I was indeed accepted into Ealing College to study law but arriving in the UK late and finding things a little different to what I expected, I had to work before thinking about college. The only experience I had was working in my mother’s café, Cool Corner Café a very strategically positioned spot beside the big banks, Barclays and Standard Chartered, right across from the main Post Office, two stores away from Rose Pillars, adjacent to Glamour and with the Accra Metropolitan Assembly offices just up the road. I resented having to wake up early during the long vacation and giving up a day of hanging out with friends to work at the café.

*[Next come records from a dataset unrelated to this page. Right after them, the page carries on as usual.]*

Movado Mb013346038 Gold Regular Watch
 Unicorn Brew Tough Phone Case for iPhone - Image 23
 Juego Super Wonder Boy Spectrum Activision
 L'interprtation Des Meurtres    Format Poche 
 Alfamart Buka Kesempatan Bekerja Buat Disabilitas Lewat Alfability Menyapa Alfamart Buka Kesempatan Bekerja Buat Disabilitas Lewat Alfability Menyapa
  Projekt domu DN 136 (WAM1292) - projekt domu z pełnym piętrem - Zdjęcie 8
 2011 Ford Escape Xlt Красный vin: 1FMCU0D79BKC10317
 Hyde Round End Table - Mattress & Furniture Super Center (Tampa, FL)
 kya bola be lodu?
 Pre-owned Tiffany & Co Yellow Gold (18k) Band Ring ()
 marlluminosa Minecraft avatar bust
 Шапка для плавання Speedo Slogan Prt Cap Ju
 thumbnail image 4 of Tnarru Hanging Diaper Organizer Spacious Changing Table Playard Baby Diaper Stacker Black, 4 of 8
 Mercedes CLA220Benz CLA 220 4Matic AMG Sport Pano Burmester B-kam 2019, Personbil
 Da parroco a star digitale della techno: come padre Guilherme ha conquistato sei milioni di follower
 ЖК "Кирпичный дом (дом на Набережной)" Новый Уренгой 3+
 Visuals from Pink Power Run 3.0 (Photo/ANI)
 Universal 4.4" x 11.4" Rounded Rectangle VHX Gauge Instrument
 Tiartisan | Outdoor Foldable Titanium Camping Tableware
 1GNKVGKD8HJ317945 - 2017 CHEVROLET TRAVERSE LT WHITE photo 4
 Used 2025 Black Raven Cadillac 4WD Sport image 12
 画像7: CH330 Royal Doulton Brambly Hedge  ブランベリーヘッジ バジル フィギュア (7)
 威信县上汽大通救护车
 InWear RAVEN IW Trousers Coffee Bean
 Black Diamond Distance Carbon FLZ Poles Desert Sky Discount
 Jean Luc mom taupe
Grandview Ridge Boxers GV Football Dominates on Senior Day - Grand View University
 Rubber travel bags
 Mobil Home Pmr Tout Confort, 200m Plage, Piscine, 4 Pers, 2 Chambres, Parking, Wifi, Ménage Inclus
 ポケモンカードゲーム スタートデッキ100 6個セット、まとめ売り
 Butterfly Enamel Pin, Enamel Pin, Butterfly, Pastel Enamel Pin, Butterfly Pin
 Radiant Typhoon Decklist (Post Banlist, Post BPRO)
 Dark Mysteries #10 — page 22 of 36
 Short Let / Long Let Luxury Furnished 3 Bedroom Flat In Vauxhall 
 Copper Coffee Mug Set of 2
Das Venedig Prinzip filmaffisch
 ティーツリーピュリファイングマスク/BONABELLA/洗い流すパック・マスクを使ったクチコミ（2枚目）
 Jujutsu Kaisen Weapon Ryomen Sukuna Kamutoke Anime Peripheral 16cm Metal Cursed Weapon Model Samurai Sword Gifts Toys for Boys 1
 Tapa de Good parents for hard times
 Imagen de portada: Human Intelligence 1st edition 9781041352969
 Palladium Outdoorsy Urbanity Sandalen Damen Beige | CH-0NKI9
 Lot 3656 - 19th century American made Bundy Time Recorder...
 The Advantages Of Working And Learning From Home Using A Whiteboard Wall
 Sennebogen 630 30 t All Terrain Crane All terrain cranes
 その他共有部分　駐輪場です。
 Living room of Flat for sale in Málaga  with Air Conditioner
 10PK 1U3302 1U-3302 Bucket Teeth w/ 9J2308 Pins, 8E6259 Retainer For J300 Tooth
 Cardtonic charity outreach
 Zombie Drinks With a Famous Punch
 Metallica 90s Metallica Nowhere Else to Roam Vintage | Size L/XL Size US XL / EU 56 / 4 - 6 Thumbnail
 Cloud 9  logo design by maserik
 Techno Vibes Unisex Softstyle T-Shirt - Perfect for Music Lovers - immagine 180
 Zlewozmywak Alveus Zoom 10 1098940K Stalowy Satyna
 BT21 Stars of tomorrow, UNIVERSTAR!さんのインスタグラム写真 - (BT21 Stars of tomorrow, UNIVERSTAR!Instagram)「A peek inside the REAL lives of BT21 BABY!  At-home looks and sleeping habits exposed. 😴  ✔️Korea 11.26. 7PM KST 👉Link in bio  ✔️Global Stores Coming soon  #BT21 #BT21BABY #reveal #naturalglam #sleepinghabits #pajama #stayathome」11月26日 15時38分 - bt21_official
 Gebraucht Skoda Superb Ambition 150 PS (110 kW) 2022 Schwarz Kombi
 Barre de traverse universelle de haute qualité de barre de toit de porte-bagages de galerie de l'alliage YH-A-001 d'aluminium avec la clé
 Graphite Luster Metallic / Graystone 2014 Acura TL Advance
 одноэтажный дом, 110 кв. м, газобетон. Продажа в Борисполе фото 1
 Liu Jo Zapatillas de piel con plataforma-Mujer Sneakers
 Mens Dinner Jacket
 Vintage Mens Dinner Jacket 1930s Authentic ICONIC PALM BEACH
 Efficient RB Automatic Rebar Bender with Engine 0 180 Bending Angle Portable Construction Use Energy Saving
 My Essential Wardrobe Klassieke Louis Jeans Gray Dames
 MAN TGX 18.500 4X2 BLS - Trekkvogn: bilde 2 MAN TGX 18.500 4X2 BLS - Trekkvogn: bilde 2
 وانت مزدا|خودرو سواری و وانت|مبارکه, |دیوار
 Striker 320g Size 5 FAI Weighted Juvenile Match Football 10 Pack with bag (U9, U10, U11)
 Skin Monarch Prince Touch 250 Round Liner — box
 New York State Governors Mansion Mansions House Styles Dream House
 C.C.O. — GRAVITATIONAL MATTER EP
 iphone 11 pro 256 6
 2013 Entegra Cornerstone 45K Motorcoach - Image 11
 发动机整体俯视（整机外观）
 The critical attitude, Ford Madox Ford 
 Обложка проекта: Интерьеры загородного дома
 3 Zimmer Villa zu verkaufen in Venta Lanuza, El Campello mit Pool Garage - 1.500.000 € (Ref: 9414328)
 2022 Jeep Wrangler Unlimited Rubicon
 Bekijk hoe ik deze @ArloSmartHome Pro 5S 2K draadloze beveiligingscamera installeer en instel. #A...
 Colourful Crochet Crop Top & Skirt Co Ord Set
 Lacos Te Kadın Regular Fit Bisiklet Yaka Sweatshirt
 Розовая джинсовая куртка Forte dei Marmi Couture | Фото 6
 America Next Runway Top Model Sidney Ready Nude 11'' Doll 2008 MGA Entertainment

It turned interesting when my friends began to visit and the young guys from the banks came in to have interesting conversations. Little did I know at the time that I was setting myself up for the future. In London, I worked with an agency called Blue Arrow and my first job was in a Council café as a catering assistant. It was arduous work for someone who was slightly spoilt at home, and I remember how my fingers turned red from scrubbing large pots which had burnt baked beans clinging to the base. But I went back the next day, I had bills to pay and school fees to plan for. I worked with a petite Irish chef called Carol and eventually she allowed me to prepare salads, taught me how to make trifles and sandwiches.
I felt I deserved something better, especially when the well dressed black girls who worked for the council came in and were being all uppity. Although I was working, I kept applying for jobs as a sales assistant, a few people I knew had glamourous jobs on Oxford Street, Bond Street and High Street Kensington and I wanted to look glam too, well dressed, made up and positioned behind the Calvin Klein counter. All I kept getting were well written, polite letters that said no.
I eventually ending up at the Hammersmith and Fulham Council Café which seated over 200 council employees. One summer, I met a Nigerian girl called Yinka. I was doing night classes at the time and when we got talking and she found out I knew how to use a computer she asked what I was doing working in a kitchen.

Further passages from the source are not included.